Despite very public failures like the disastrous Somalia mission and the failed attempts to prevent genocides in Bosnia and Rwanda, the United Nations continues to operate peacekeeping missions around the world. They work to protect and improve the lives of some of the most vulnerable people in the world – those living in some of the world’s worst war zones.
Unfortunately, that’s the problem.
Peacekeepers protect an extremely vulnerable population, and they don’t always have that population’s best interests in mind. Allegations of sexual abuse being committed by peacekeepers against civilians, frequently in terms of ‘transactional sex’, have dogged the organisation for two decades, with allegations dating back decades and involving both military and civilian personnel. UN personnel are alleged to have engaged in transactional sex, trading sexual favours for luxury items, electronics or even necessities like hygiene products and food. The UN mission in Mozambique was the first to be properly criticised- a 1996 study by former first lady of Mozambique Graça Machel stated that the arrival of peacekeeping troops co-incided with a rise in child prostitution in six of twelve cases. During the KFOR mission in Kosovo in 2004 the UN’s arrival fuelled and was connected to sex-trafficking, and the article goes on to allege dozens of incidents across the UN’s various missions. There is an extensive comparison of incidents involving peacekeepers over on Wikipedia, and while no timeline is given, it lists around 2,260 incidents of sexual assault alone across twelve missions from the Lebanon taskforce’s formation in 1978 to the present day, with many more no doubt unreported and undocumented.
Peacekeepers protect an extremely vulnerable population, and they don’t always have that population’s best interests in mind.

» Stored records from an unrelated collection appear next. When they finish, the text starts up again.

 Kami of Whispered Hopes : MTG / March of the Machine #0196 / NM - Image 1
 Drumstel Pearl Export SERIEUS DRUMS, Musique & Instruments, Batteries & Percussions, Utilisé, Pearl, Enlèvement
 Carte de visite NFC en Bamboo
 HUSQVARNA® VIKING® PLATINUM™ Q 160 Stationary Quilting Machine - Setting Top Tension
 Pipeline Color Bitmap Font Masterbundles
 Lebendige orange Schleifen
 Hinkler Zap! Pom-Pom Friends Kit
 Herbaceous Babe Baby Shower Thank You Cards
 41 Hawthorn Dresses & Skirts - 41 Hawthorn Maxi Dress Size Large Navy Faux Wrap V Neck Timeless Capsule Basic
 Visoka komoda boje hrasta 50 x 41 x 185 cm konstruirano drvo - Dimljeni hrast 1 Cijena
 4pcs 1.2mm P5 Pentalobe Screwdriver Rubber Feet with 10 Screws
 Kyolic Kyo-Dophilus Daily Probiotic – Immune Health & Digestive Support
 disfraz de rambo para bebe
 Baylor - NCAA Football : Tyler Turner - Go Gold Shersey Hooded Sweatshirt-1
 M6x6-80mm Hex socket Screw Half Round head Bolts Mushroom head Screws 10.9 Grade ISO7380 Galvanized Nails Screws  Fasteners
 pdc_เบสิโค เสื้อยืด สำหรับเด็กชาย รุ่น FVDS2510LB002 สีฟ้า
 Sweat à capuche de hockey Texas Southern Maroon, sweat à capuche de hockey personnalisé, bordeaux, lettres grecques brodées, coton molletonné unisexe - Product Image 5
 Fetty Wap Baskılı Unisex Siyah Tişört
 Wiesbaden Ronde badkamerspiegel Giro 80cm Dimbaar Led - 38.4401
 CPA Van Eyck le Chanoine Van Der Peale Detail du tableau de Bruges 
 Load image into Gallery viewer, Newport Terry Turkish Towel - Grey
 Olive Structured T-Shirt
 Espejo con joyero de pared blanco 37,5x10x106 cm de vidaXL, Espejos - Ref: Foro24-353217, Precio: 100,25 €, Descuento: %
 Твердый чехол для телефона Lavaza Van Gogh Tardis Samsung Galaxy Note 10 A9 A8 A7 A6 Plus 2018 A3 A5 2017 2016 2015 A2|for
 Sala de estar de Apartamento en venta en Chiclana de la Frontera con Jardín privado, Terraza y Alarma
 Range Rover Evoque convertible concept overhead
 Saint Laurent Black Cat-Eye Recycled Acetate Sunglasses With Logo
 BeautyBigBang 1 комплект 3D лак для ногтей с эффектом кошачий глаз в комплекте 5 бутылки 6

Unfortunately, the conditions of a peacekeeping operation create an ideal environment for this kind of abuse. The countries involved tend to be poor at best, either in general or due to conflicts and national disasters. Peacekeepers bring much-desired hard currency, often in pounds, euros or particularly US dollars, and have access to steady supplies of food and luxury items that the locals might not. They’re also under a lot of pressure- regularly under fire or dealing with hostile situations and observing the worst excesses of civil wars and natural disasters- and empowered by their status as armed and legally untouchable foreigners. The UN doesn’t even have a right to conduct background checks on soldiers contributed to its missions, and contributing nations don’t have any incentive to check them either, as prosecutions are rare and accusations rarely publicised. Is it any wonder that this combination of circumstances produces crime and corruption?
Of course, the United Nations is trying to do something about this. In 2003, Kofi Annan, then Secretary-general, implemented a ‘zero-tolerance’ policy on the subject, and then noted in 2006 that ‘My message of zero tolerance has still not got through to those who need to hear it- from managers on the ground to all our other personnel.’ That article also mentions the fates of those peacekeepers who’d been investigated- summary dismissals, ‘repatriations and rotations home on disciplinary grounds.’ What happens then? Up to the nation that employs those personnel.

( © The iPinions Journal )
And this is a big problem. The question of what happens to those accused of crimes like these has not been answered, and involves a nightmare of international law and national prejudice. As this excellent Al Jazeera video explains, the question of who has the authority to punish UN employees is down to several factors: the terms of the UN ‘Status of Forces’ agreement with the host country, the state of the host country itself (who do they side with in a civil war? What about tribal and ethnic conflicts?) and the legal competence of the nation who contributed the soldier or worker in question. Some contributing nations don’t have extraterritorial jurisdiction, so they can’t prosecute their nationals for crimes overseas. For military personnel, this becomes even worse: most military forces are unwilling to have their soldiers judged by an international or foreign court. Because of this, UN soldiers in the field tend to have immunity from prosecution, as a way to meet the organisation’s high demand for peacekeepers.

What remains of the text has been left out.